◆ Exercise details
Repeat the lines of the data that follow, please, starting at the first and stopping after the one with "Contraire de Profiter".

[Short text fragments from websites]
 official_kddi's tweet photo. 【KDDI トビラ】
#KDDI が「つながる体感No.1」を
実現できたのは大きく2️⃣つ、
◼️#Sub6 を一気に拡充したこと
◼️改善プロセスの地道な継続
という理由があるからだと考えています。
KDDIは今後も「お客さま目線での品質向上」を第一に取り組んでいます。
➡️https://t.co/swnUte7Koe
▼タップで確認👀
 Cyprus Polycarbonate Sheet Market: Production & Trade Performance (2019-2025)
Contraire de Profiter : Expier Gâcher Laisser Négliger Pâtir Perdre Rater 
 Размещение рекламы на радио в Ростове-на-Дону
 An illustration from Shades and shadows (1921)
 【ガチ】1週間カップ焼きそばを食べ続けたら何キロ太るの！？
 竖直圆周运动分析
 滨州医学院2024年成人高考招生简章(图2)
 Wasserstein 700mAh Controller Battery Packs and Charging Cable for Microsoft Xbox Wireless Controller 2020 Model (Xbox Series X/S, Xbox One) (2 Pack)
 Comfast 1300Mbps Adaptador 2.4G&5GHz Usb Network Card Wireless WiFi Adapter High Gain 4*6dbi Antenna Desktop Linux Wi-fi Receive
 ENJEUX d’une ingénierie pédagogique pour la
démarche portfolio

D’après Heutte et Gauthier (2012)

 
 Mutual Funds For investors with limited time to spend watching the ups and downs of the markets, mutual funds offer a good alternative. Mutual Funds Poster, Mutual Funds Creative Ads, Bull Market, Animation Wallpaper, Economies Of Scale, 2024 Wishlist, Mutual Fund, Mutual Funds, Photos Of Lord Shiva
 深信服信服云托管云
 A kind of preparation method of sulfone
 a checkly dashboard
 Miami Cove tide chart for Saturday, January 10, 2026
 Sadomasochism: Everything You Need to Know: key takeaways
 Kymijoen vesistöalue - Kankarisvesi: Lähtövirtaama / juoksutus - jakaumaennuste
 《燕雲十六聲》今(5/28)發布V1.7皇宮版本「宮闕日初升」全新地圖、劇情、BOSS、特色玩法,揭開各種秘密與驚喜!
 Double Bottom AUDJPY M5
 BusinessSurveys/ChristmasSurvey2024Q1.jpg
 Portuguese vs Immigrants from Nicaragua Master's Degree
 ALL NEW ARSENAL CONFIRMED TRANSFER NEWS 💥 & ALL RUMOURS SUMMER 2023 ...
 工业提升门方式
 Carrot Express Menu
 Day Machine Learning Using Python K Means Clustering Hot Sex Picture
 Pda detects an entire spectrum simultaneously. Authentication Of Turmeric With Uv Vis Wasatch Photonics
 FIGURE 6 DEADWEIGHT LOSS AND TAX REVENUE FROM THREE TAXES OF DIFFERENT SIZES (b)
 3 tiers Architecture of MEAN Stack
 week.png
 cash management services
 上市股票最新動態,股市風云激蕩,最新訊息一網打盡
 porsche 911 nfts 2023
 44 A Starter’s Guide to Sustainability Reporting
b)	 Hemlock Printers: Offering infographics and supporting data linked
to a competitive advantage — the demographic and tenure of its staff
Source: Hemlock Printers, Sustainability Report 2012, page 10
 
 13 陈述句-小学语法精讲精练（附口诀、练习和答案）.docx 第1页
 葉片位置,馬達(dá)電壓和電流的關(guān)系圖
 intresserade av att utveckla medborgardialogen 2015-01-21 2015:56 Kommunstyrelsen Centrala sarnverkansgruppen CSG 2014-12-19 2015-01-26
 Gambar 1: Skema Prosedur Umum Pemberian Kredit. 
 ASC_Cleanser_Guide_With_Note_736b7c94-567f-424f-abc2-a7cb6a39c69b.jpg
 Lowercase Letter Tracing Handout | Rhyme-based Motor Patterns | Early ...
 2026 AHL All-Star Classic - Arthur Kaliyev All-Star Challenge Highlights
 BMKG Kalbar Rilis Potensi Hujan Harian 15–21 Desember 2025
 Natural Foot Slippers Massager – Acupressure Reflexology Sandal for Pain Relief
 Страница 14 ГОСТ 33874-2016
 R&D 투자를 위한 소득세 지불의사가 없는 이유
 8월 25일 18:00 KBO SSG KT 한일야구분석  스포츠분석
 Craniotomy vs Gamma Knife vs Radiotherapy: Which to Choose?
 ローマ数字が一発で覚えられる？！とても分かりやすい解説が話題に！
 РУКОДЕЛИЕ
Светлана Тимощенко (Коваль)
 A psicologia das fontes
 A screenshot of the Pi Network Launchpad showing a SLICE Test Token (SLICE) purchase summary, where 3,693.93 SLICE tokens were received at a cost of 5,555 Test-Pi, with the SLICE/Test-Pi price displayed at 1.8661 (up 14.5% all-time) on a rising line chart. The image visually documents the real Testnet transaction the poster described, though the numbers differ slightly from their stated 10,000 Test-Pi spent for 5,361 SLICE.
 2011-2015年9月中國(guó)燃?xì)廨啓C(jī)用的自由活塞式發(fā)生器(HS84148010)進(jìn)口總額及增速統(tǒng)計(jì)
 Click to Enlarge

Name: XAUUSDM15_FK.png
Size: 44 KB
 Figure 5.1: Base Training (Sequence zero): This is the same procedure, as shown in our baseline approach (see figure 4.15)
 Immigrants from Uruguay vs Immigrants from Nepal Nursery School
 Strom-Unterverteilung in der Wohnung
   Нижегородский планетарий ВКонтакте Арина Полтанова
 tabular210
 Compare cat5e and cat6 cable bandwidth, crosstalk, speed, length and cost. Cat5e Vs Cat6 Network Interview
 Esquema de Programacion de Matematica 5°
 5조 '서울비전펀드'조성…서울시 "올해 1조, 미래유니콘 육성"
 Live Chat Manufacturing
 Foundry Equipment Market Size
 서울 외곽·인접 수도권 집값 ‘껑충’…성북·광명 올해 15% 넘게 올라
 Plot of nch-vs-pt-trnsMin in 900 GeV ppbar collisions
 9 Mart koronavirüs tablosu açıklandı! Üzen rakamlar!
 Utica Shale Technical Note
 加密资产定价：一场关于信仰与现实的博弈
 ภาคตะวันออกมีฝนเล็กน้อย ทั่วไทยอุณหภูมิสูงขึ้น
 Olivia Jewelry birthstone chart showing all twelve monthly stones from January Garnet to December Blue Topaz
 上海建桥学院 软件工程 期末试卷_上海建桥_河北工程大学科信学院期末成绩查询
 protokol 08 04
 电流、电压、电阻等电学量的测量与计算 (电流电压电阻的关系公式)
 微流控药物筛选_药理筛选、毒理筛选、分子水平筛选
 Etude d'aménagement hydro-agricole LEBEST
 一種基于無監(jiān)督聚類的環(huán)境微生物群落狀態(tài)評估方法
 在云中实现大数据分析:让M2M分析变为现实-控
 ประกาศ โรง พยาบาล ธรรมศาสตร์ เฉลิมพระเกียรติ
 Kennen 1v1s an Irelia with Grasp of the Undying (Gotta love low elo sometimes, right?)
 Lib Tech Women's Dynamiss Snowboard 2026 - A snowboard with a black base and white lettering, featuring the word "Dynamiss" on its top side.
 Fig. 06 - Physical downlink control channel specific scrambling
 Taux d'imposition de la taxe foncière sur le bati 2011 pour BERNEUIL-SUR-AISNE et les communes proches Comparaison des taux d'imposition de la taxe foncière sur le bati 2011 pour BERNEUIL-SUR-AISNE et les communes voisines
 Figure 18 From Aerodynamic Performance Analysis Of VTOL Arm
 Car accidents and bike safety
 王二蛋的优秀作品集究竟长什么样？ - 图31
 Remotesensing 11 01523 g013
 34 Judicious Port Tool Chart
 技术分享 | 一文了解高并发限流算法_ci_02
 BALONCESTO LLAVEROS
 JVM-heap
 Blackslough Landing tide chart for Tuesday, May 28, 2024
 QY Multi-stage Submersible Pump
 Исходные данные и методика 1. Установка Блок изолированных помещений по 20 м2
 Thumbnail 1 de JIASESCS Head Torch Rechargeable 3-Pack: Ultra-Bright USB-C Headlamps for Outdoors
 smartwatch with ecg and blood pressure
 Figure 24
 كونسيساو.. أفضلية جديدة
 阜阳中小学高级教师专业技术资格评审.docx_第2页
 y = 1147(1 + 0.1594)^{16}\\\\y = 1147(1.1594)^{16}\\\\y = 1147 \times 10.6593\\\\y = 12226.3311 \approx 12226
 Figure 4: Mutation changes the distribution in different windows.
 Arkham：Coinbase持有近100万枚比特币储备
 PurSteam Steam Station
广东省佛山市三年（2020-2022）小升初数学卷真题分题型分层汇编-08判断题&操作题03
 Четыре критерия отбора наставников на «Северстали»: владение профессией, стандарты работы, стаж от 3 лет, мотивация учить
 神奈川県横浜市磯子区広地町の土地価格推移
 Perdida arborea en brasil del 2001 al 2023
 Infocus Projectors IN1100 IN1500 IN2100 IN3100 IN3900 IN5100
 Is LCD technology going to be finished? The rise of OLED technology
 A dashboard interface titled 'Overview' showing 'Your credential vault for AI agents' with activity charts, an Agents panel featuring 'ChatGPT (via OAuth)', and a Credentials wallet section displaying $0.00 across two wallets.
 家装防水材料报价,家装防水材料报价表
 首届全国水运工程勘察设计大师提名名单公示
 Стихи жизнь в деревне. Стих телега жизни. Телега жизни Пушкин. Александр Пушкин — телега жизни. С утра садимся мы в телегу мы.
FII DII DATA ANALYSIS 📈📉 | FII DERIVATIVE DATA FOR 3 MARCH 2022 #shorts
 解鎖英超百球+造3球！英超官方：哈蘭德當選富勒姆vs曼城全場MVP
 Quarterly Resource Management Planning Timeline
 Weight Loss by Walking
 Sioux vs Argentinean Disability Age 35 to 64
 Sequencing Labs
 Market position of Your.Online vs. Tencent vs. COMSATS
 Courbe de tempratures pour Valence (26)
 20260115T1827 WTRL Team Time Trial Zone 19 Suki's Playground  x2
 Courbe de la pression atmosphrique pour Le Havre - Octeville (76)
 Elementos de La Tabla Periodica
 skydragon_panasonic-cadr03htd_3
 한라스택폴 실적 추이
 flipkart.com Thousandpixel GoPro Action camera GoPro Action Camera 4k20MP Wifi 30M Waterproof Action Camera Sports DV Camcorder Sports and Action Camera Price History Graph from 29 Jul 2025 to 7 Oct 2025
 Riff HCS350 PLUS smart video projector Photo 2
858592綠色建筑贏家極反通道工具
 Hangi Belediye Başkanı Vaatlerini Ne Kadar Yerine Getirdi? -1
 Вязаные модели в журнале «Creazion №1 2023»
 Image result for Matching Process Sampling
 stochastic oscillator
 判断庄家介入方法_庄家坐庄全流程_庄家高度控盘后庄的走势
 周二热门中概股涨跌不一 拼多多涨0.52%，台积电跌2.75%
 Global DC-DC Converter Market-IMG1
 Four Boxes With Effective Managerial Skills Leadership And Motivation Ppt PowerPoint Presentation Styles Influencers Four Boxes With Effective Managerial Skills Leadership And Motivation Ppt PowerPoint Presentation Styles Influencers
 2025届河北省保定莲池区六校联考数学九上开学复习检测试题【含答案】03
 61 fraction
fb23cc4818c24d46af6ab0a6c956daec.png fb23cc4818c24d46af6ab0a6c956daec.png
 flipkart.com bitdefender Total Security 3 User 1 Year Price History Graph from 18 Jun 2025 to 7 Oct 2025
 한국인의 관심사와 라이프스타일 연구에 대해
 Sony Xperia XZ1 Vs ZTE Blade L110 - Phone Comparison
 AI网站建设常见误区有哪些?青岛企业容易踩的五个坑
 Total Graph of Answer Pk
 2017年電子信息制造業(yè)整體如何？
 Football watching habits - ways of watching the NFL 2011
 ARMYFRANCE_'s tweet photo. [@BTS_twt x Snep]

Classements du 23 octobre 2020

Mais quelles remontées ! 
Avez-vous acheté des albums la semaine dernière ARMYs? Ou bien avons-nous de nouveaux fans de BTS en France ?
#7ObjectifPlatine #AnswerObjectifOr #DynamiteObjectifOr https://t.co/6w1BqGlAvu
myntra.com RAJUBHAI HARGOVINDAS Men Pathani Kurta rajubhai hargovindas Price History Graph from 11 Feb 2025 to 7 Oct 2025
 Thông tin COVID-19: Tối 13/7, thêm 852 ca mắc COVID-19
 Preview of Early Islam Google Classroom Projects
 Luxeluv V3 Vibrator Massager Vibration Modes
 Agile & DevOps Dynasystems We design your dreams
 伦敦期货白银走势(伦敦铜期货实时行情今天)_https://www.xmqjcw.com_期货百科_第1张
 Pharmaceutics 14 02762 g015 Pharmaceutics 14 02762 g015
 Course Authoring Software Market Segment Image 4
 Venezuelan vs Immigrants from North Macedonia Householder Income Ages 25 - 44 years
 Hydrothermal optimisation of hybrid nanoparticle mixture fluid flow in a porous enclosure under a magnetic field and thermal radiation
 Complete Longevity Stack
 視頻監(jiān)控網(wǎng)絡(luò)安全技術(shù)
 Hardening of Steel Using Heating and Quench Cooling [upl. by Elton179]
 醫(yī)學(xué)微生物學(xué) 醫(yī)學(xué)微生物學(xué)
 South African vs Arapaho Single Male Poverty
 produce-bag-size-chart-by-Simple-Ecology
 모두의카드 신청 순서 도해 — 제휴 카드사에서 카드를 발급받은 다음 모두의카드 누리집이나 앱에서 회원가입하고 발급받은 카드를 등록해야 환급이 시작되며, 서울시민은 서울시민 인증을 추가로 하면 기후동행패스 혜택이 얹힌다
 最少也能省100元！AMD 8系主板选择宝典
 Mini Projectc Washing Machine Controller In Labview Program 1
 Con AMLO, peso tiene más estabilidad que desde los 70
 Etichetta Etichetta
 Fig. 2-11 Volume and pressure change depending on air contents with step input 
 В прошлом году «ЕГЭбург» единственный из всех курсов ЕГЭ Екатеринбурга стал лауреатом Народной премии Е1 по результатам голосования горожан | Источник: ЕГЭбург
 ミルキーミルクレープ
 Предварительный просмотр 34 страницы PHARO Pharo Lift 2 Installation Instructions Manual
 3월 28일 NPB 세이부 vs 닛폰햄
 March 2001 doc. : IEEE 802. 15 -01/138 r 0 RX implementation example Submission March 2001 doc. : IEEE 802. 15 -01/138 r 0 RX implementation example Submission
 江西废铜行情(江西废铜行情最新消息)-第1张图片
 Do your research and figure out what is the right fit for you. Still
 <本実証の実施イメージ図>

◆ Exercise result
 official_kddi's tweet photo. 【KDDI トビラ】
#KDDI が「つながる体感No.1」を
実現できたのは大きく2️⃣つ、
◼️#Sub6 を一気に拡充したこと
◼️改善プロセスの地道な継続
という理由があるからだと考えています。
KDDIは今後も「お客さま目線での品質向上」を第一に取り組んでいます。
➡️https://t.co/swnUte7Koe
▼タップで確認👀
 Cyprus Polycarbonate Sheet Market: Production & Trade Performance (2019-2025)
Contraire de Profiter : Expier Gâcher Laisser Négliger Pâtir Perdre Rater 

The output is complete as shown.